Abstract

The choice of an initial model for seismic waveform inversion is important. In matured exploration areas with adequate well control, we can generate a suitable initial model using well information. However, in new areas where well control is sparse or unavailable, such an initial model is compromised and/or biased by the regions with more well controls. Even in matured exploration areas, if we use time-lapse seismic data to predict dynamic reservoir properties, an initial model that we obtain from the existing preproduction wells could be incorrect.

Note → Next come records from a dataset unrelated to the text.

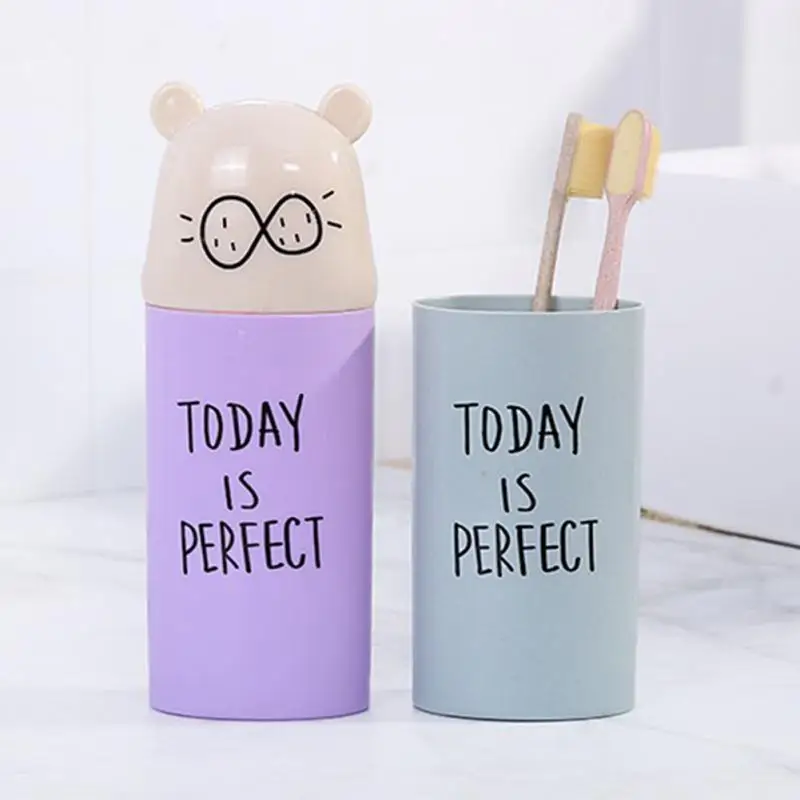 

Portable eco-friendly toothbrush holder Container Cartoon PP Travel Use Storage Box case Organizer reliable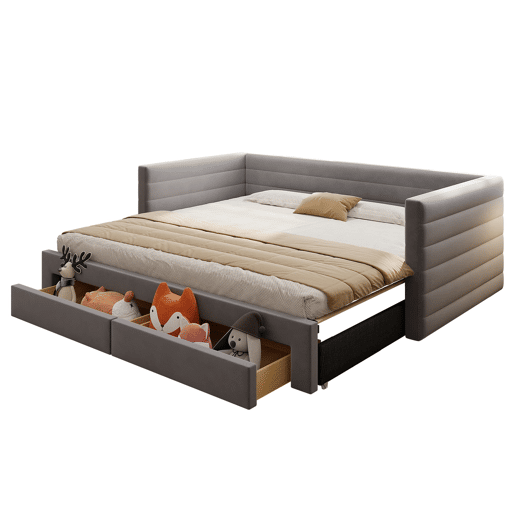 Sofá-cama 90x190 cm - Multifuncional, com arrumação, convertível em cama individualdupla - Cinza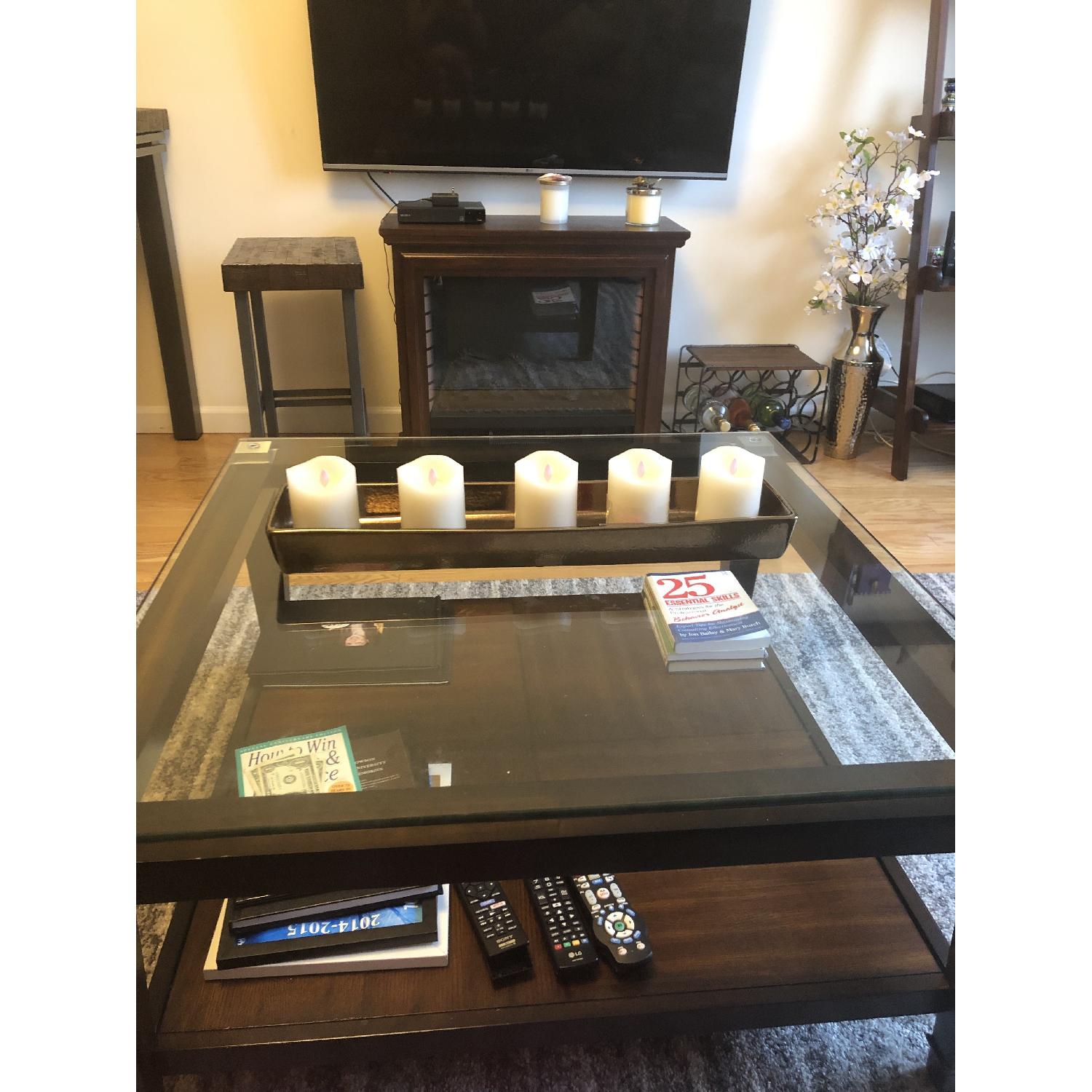 Raymour & Flanigan Dunhill Glass Coffee Table AptDeco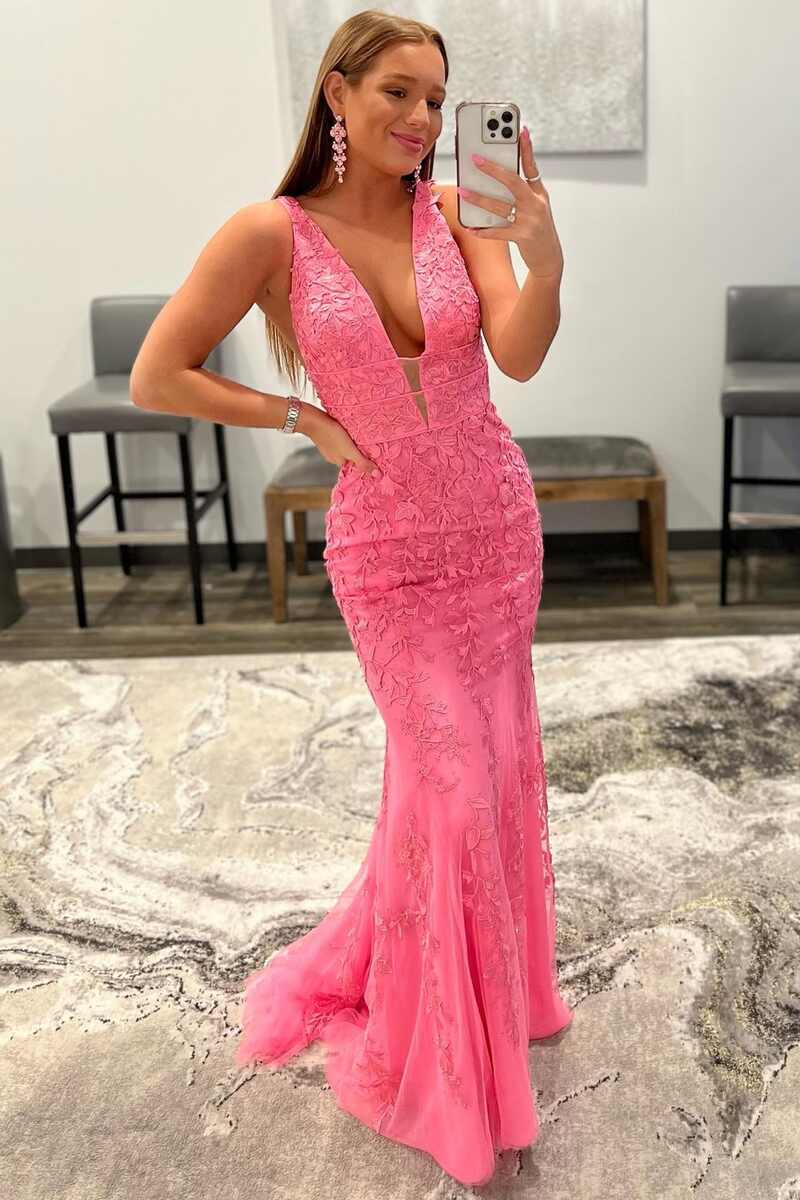 Kallie |Mermaid Plunge V Neck Lace Prom Dress - Prom Dress - DYAVOR®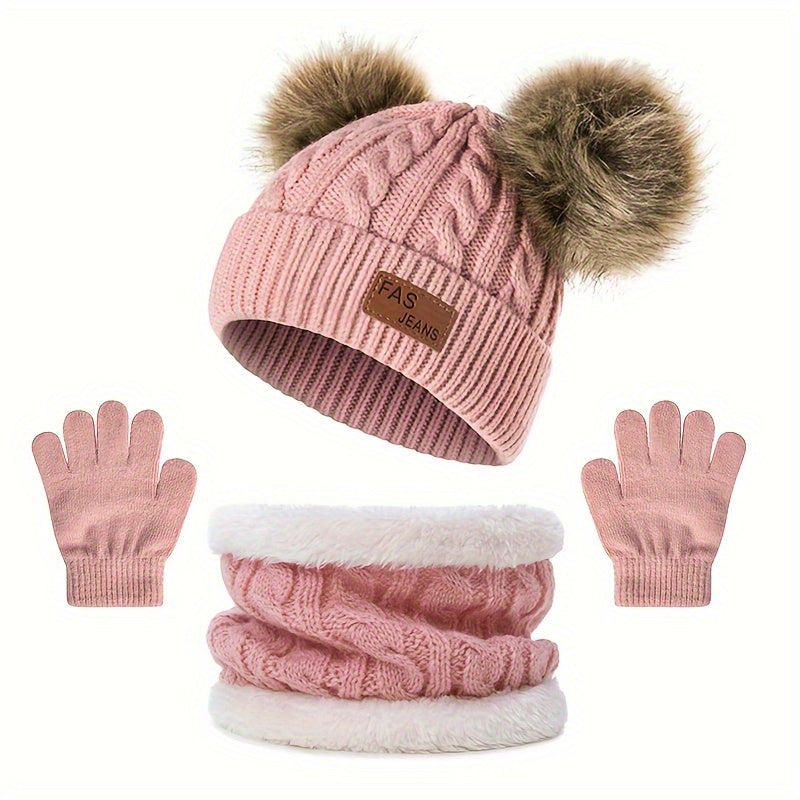 1pc Toddler Knitted Hat, Pure Color Winter Twist Double Pom Pom Knitted Beanies Cap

In this work, we outline a new methodology and workflow for a nonlinear prestack isotropic elastic waveform inversion. We call this method a data-driven inversion, meaning that we derive the initial model entirely from the seismic data without using any well information. By assuming a locally horizontal stratification for every common midpoint and starting from the interval P-wave velocity, estimated entirely from seismic data, our method generates pseudowells by running a two-pass 1D isotropic elastic prestack-waveform inversion that uses the reflectivity method for forward modeling and the genetic algorithm for optimization. We then use the estimated pseudowells to build the initial model for seismic inversion. By applying this methodology to real seismic data from two different geologic settings, we determine the usefulness of our method. We believe that our new method is potentially applicable for subsurface characterization in areas where well information is sparse or unavailable. Additional research is, however, necessary to improve the computational efficiency of the methodology.